▶ [WORK INSTRUCTION]:
Write again exactly the lines in the listing below, starting at the line with "Die Wasserschutzpolizei wurde" and ending at the line with "Palettes TV stand", both included. Pictures are not copied.

▶ [RECORDS FOR THIS TASK]:
────────────────

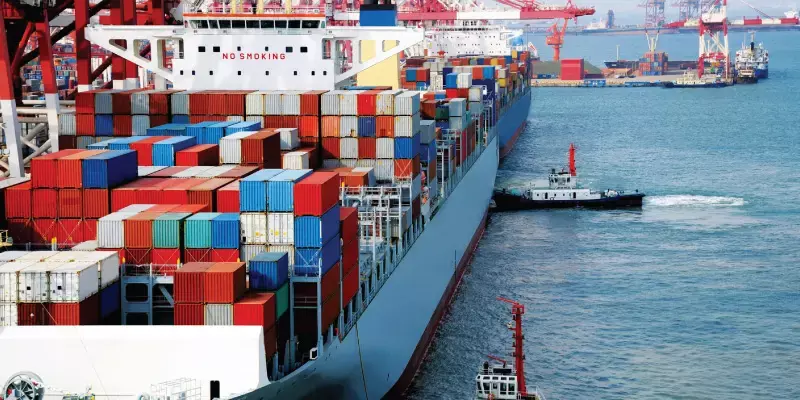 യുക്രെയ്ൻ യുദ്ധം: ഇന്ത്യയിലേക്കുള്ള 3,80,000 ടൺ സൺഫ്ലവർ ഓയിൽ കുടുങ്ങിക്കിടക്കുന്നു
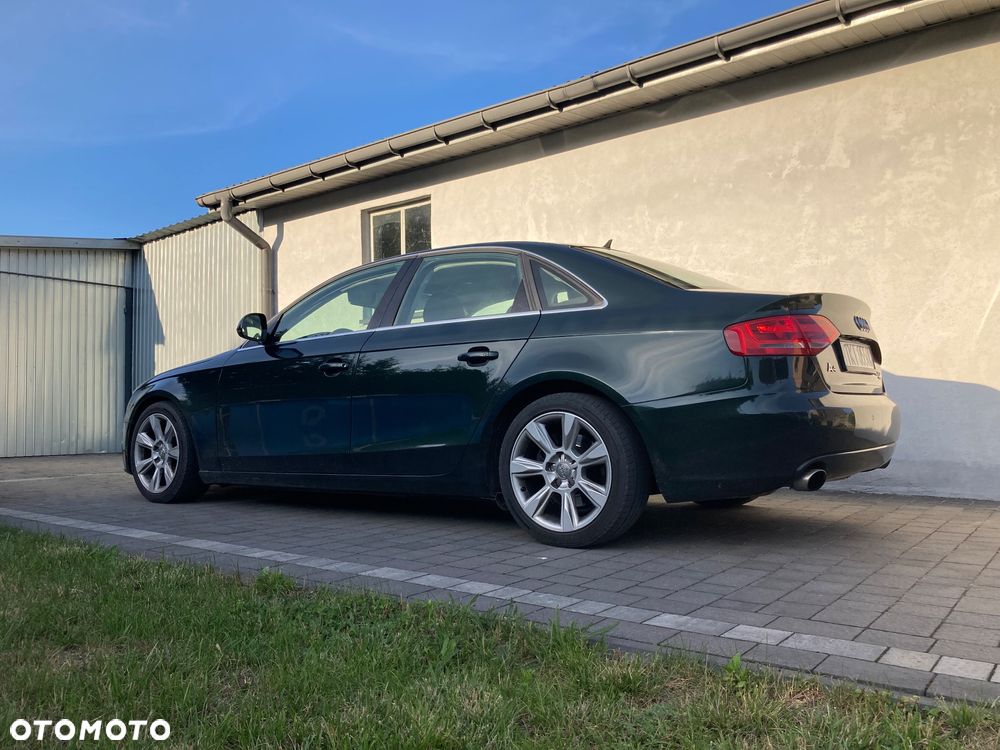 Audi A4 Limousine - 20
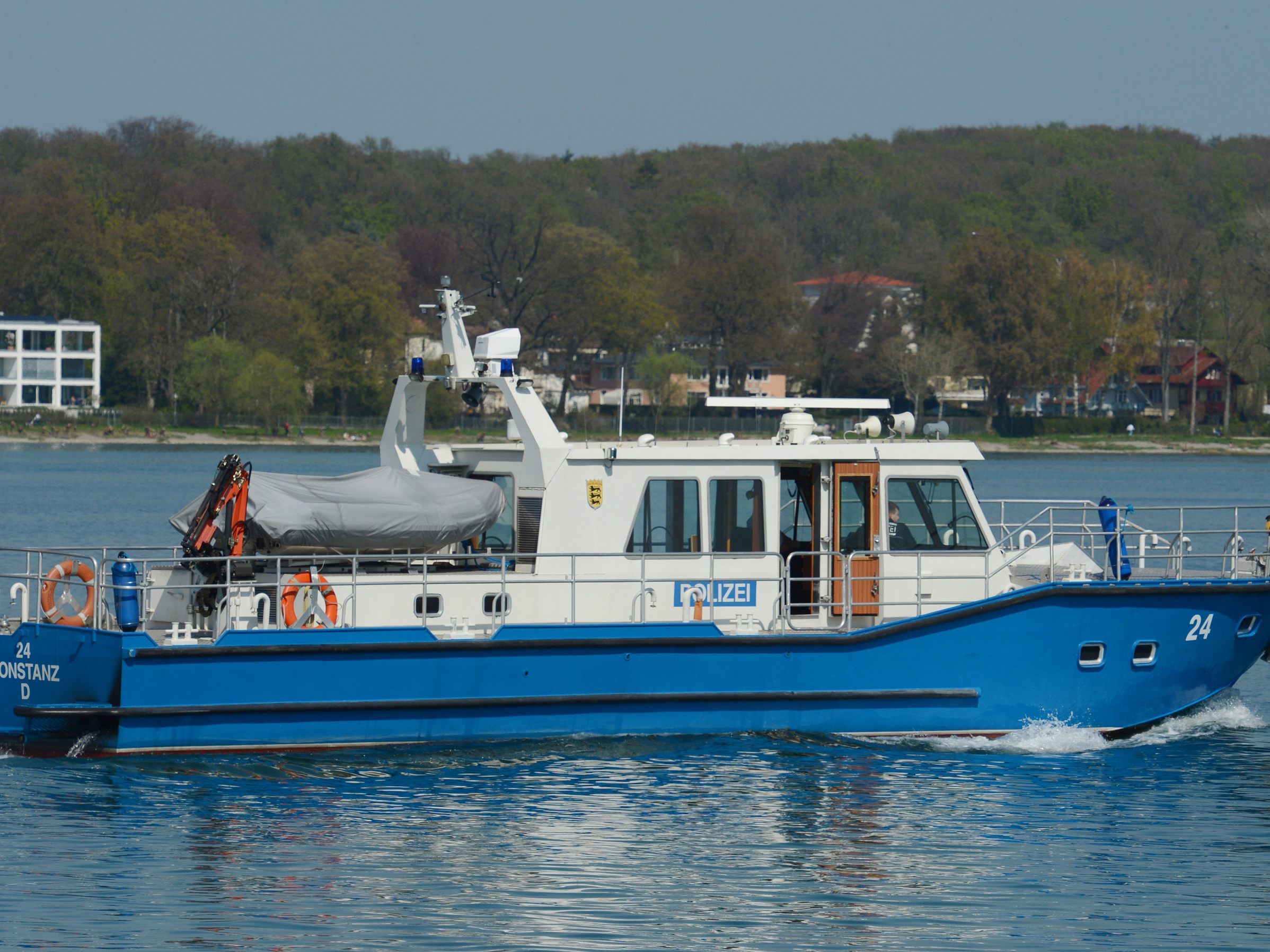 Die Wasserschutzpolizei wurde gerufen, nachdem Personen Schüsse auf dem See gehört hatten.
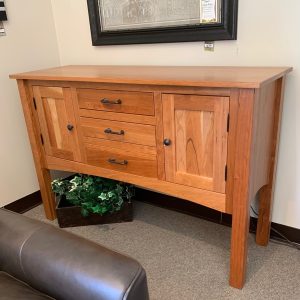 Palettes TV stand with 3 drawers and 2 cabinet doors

────────────────

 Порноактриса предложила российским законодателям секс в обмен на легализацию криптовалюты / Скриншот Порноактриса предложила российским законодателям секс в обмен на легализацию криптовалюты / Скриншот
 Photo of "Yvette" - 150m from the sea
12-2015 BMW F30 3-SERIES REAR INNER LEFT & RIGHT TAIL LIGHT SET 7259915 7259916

────────────────

▶ [RESULT OF THIS TASK]:
 Die Wasserschutzpolizei wurde gerufen, nachdem Personen Schüsse auf dem See gehört hatten.
 Palettes TV stand with 3 drawers and 2 cabinet doors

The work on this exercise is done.